┌────────
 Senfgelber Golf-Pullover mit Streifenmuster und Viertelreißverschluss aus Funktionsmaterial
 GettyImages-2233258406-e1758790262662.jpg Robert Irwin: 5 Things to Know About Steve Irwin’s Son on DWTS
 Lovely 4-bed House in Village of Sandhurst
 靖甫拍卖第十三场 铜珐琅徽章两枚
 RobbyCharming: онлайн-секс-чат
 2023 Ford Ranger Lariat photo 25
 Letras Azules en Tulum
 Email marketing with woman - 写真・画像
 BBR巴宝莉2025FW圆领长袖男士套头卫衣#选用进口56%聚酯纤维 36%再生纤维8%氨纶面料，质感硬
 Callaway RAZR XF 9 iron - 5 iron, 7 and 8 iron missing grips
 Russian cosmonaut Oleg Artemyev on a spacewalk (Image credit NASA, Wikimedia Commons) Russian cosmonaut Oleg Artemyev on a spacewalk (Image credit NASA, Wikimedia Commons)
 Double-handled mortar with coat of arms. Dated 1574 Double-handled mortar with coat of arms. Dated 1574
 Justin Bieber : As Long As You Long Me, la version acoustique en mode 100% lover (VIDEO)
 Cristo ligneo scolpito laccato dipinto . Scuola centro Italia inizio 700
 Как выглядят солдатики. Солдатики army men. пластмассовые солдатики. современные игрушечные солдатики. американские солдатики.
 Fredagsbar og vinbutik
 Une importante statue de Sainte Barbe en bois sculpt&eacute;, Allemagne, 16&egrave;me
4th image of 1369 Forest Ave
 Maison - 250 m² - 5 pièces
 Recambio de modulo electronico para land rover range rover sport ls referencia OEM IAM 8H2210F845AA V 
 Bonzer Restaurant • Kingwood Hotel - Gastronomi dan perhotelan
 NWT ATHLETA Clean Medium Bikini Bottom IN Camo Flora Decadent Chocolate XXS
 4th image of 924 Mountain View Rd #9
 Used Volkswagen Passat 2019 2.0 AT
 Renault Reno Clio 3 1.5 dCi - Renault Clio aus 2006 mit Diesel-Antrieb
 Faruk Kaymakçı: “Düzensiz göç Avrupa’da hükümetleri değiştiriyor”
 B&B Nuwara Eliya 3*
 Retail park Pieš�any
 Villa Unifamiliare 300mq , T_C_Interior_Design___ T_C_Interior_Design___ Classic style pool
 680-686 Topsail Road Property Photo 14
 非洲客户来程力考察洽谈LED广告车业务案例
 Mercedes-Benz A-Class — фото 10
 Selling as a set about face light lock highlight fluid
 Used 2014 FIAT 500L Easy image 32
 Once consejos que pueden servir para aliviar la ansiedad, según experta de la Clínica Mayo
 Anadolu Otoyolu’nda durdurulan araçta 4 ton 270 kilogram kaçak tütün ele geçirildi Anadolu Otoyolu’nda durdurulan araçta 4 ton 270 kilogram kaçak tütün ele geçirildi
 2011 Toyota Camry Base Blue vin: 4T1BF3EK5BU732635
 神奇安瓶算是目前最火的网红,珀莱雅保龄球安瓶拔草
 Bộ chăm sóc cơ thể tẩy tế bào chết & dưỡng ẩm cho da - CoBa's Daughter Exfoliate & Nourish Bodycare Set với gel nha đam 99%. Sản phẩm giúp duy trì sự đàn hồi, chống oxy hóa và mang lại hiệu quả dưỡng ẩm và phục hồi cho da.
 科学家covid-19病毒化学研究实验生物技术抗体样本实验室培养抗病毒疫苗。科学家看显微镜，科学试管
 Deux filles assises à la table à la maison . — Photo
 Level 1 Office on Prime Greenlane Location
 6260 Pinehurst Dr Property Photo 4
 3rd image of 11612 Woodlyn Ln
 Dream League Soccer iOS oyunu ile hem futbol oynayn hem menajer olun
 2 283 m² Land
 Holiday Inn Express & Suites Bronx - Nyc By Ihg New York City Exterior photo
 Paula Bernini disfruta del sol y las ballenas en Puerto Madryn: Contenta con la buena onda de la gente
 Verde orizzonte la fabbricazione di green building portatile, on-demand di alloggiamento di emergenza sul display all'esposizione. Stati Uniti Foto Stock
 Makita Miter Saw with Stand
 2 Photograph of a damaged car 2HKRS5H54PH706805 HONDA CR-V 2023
└────────
● **Problem details**
Repeat the data word for word. Leave nothing out.

● **Solution**
 Senfgelber Golf-Pullover mit Streifenmuster und Viertelreißverschluss aus Funktionsmaterial
 GettyImages-2233258406-e1758790262662.jpg Robert Irwin: 5 Things to Know About Steve Irwin’s Son on DWTS
 Lovely 4-bed House in Village of Sandhurst
 靖甫拍卖第十三场 铜珐琅徽章两枚
 RobbyCharming: онлайн-секс-чат
 2023 Ford Ranger Lariat photo 25
 Letras Azules en Tulum
 Email marketing with woman - 写真・画像
 BBR巴宝莉2025FW圆领长袖男士套头卫衣#选用进口56%聚酯纤维 36%再生纤维8%氨纶面料，质感硬
 Callaway RAZR XF 9 iron - 5 iron, 7 and 8 iron missing grips
 Russian cosmonaut Oleg Artemyev on a spacewalk (Image credit NASA, Wikimedia Commons) Russian cosmonaut Oleg Artemyev on a spacewalk (Image credit NASA, Wikimedia Commons)
 Double-handled mortar with coat of arms. Dated 1574 Double-handled mortar with coat of arms. Dated 1574
 Justin Bieber : As Long As You Long Me, la version acoustique en mode 100% lover (VIDEO)
 Cristo ligneo scolpito laccato dipinto . Scuola centro Italia inizio 700
 Как выглядят солдатики. Солдатики army men. пластмассовые солдатики. современные игрушечные солдатики. американские солдатики.
 Fredagsbar og vinbutik
 Une importante statue de Sainte Barbe en bois sculpt&eacute;, Allemagne, 16&egrave;me
4th image of 1369 Forest Ave
 Maison - 250 m² - 5 pièces
 Recambio de modulo electronico para land rover range rover sport ls referencia OEM IAM 8H2210F845AA V 
 Bonzer Restaurant • Kingwood Hotel - Gastronomi dan perhotelan
 NWT ATHLETA Clean Medium Bikini Bottom IN Camo Flora Decadent Chocolate XXS
 4th image of 924 Mountain View Rd #9
 Used Volkswagen Passat 2019 2.0 AT
 Renault Reno Clio 3 1.5 dCi - Renault Clio aus 2006 mit Diesel-Antrieb
 Faruk Kaymakçı: “Düzensiz göç Avrupa’da hükümetleri değiştiriyor”
 B&B Nuwara Eliya 3*
 Retail park Pieš�any
 Villa Unifamiliare 300mq , T_C_Interior_Design___ T_C_Interior_Design___ Classic style pool
 680-686 Topsail Road Property Photo 14
 非洲客户来程力考察洽谈LED广告车业务案例
 Mercedes-Benz A-Class — фото 10
 Selling as a set about face light lock highlight fluid
 Used 2014 FIAT 500L Easy image 32
 Once consejos que pueden servir para aliviar la ansiedad, según experta de la Clínica Mayo
 Anadolu Otoyolu’nda durdurulan araçta 4 ton 270 kilogram kaçak tütün ele geçirildi Anadolu Otoyolu’nda durdurulan araçta 4 ton 270 kilogram kaçak tütün ele geçirildi
 2011 Toyota Camry Base Blue vin: 4T1BF3EK5BU732635
 神奇安瓶算是目前最火的网红,珀莱雅保龄球安瓶拔草
 Bộ chăm sóc cơ thể tẩy tế bào chết & dưỡng ẩm cho da - CoBa's Daughter Exfoliate & Nourish Bodycare Set với gel nha đam 99%. Sản phẩm giúp duy trì sự đàn hồi, chống oxy hóa và mang lại hiệu quả dưỡng ẩm và phục hồi cho da.
 科学家covid-19病毒化学研究实验生物技术抗体样本实验室培养抗病毒疫苗。科学家看显微镜，科学试管
 Deux filles assises à la table à la maison . — Photo
 Level 1 Office on Prime Greenlane Location
 6260 Pinehurst Dr Property Photo 4
 3rd image of 11612 Woodlyn Ln
 Dream League Soccer iOS oyunu ile hem futbol oynayn hem menajer olun
 2 283 m² Land
 Holiday Inn Express & Suites Bronx - Nyc By Ihg New York City Exterior photo
 Paula Bernini disfruta del sol y las ballenas en Puerto Madryn: Contenta con la buena onda de la gente
 Verde orizzonte la fabbricazione di green building portatile, on-demand di alloggiamento di emergenza sul display all'esposizione. Stati Uniti Foto Stock
 Makita Miter Saw with Stand
 2 Photograph of a damaged car 2HKRS5H54PH706805 HONDA CR-V 2023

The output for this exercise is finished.